シャワーヘッドへの採用で生活分野に浸透が進むファインバブルだが、生活用品だけでなく産業用途でも幅広く利用されている。例えば食品の分野では、青果物や水産物の鮮度保持、酸化防止などに効果が見られる。農業では農畜産物の成長促進、収量増加、品質向上などに有効とされている。
工業用でも活用が進む。半導体製造では、ウエハーの薄膜分離に利用される。技術進歩によりウエハーの薄膜化が進んでおり、従来の方法では剥離が困難となっていた。超微細な気泡であるファインバブルを導入することで、薄膜ウエハーの剥離も可能となっている。
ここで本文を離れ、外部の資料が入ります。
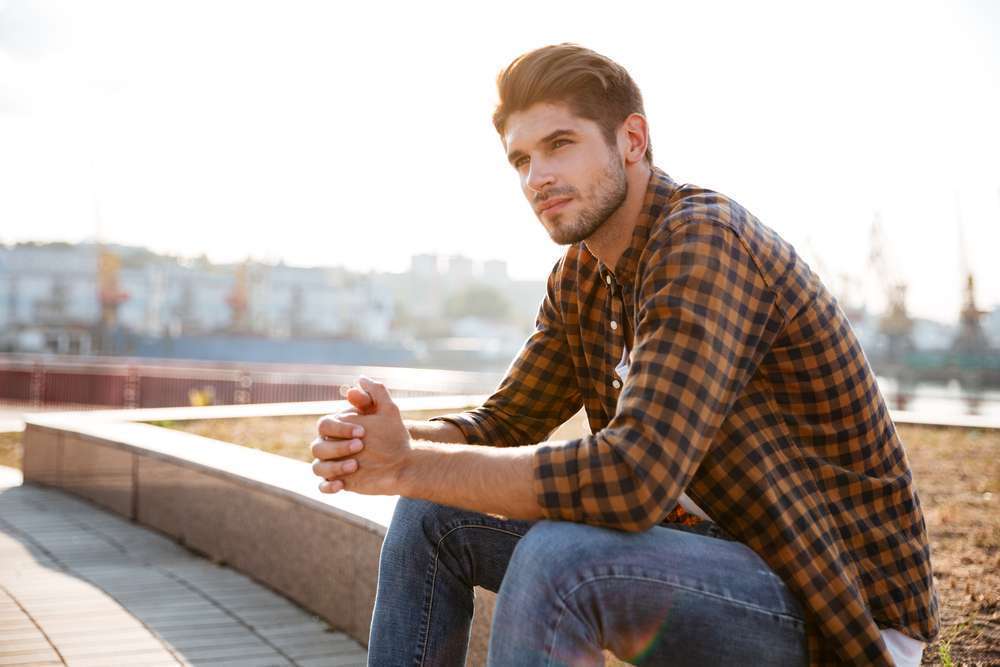 Pensive young man in plaid shirt sitting and thinking outdoors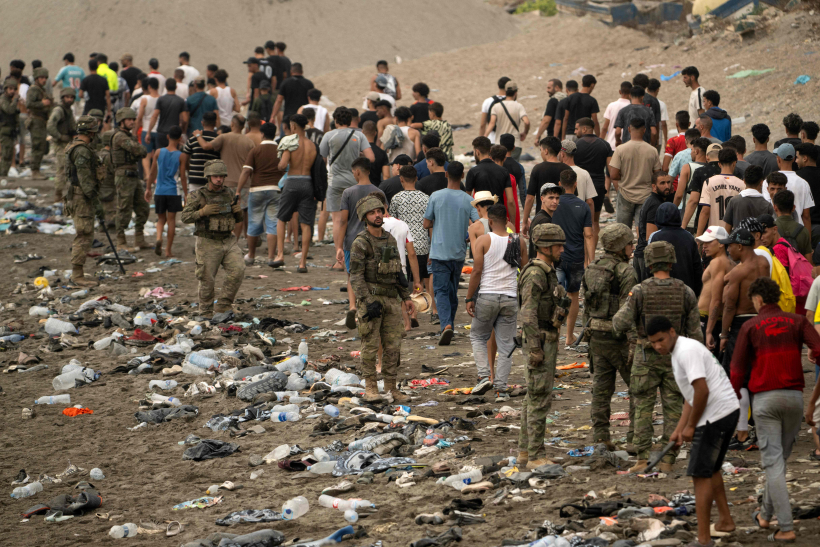 Pie žoga netālu no sadursmju vietas pie Fnidekas, uz Marokas un Spānijas robežas, 2026. gada 31. jūlijā pulcējušies cilvēki. Tūkstošiem migrantu nakts laikā no Marokas šķērsoja robežu un iekļuva Spānijas Ziemeļāfrikas anklāvā Seutā, 31. jūlijā pavēstīja policijas avots. 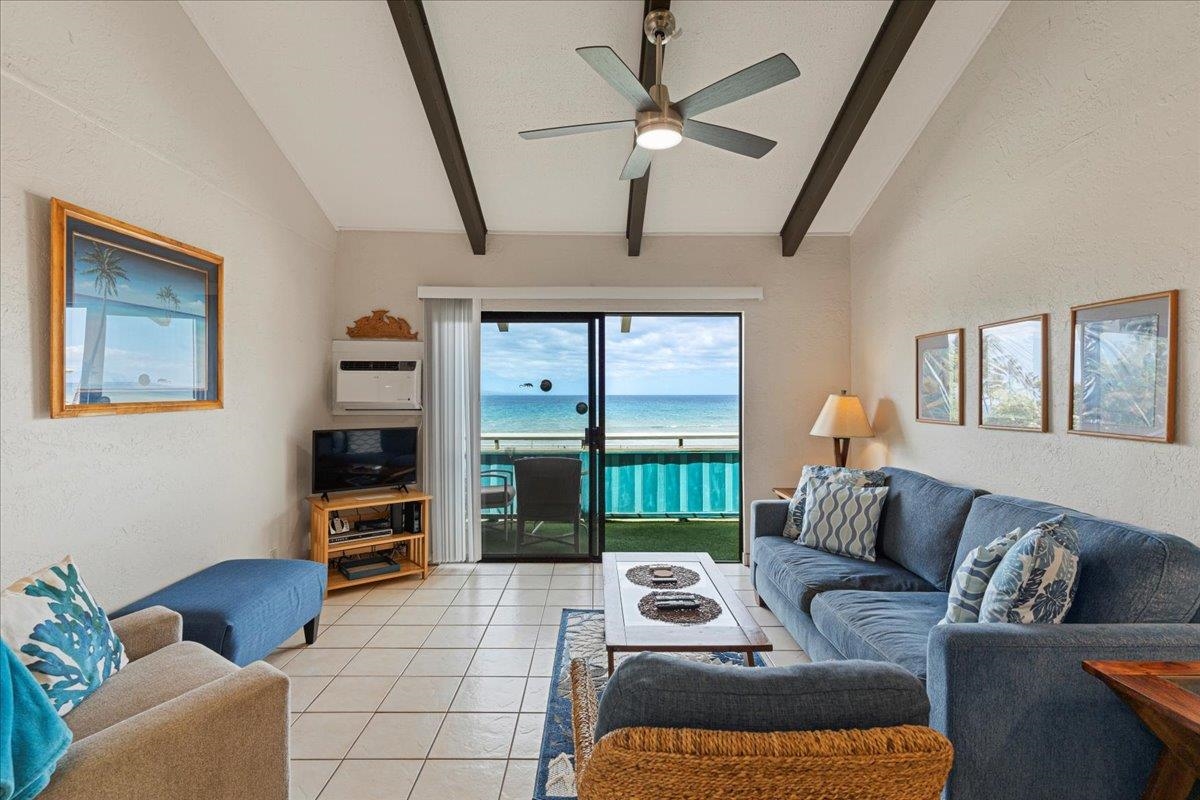 a living room with furniture a flat screen tv and a floor to ceiling window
金属加工の分野でもファインバブルが採用されている。研削や切削に用いるクーラントにファインバブルを含ませることで、切り込み量を増やして研削・切削の効率を高められる。これに加え、クーラントの腐敗や悪臭の発生を防止してクーラント寿命を延ばすなど、多くの効果が見られる。
FBIA「万博宣言」
世界の安全・健康・ウェルビーイング(心身の幸福)を推進する団体などの連合体であるGISHWは、7月17日に2025年大阪・関西万博で開催した「地球上の80億人のための安全・健康・ウェルビーイング」に関する国際イベントの一つとして、フェスティバルを開いた。GISHWには、68カ国・地域からの参加者と共にFBIAも参画している。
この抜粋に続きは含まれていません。